LZO support (was: [Re: low power actions?])

Erik Garrison erik at laptop.org
Mon Jul 14 12:07:26 EDT 2008

On Fri, Jul 11, 2008 at 06:33:41PM +0100, Gary C Martin wrote:
> One concern I have with auto saving state before powering off is the  
> potential corruption of journal data. How robust is the Journal if  
> power off happens half way through an ongoing auto state save – do you  
> loose both the new journal entry and the original entry you had  
> resumed from (partially overwritten)?
> The worst case just now seems to be EToys, it's really great for  
> tinkering, but creating even simple scripts seems to require a massive  
> amount of time to save (example 5+min!! to close & save a script with  
> five polygon space invaders with 2 frames of animation and a few lines  
> of movement code). Add to that that EToys seems to be almost as power  
> intensive as video recording (my impression only, I've not power  
> tested).
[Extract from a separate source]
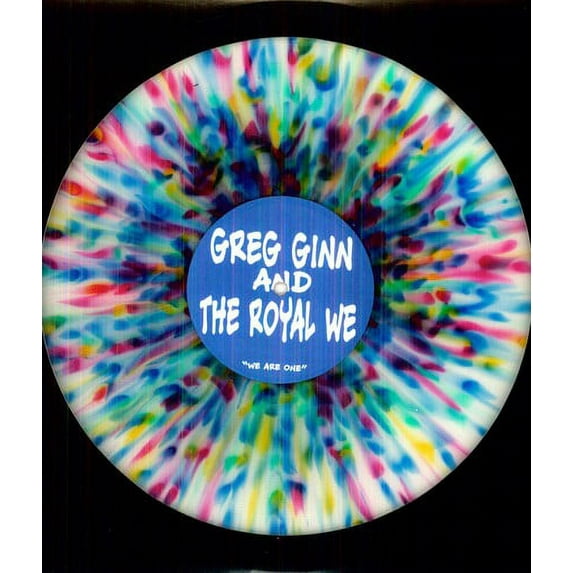 Greg Ginn - We Are One - Vinyl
I find I'm the habit of plugging into mains before I try and  
> close an EToys instance I've made more than a few modifications to.
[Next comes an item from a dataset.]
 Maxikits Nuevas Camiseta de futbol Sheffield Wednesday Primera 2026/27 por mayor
Based on some very provisional testing, I believe that the extremely
long save times we're seeing in EToys are at least partly related to our
use of zlib compression for data nodes in the filesystem.  We could
switch to LZO compression for a 500% speedup in compression (write), a
50% speedup in decompression (read), and a slight (but significant)
decrease in compression ratio.

While working with Record I noticed that we cannot write very high
resolution video (>320x240 @ 10fps) to the filesystem because of this
issue.  It would help to know what other applications are suffering
because of poor fs write speed.

There is an existing ticket to address this issue
(http://dev.laptop.org/ticket/2072).  This ticket suggests that we could
add LZO support to OFW in order to implement LZO-compressed data nodes
in the filesystem.

In this scheme OFW would require LZO support to boot a kernel which
resides on an LZO-compressed fs.  But an alternative is to implement a
partitioning scheme in which user data resides on a LZO-compressed
partition and the system data resides on a zlib-compressed partition.
This would provide us with good compression for system components
(saving space) but would also allow users to write data much more
quickly.  That said, implementing LZO compression across the entire
system might improve system responsiveness by a noticeable margin, so it
might be worthwhile.  Testing is required.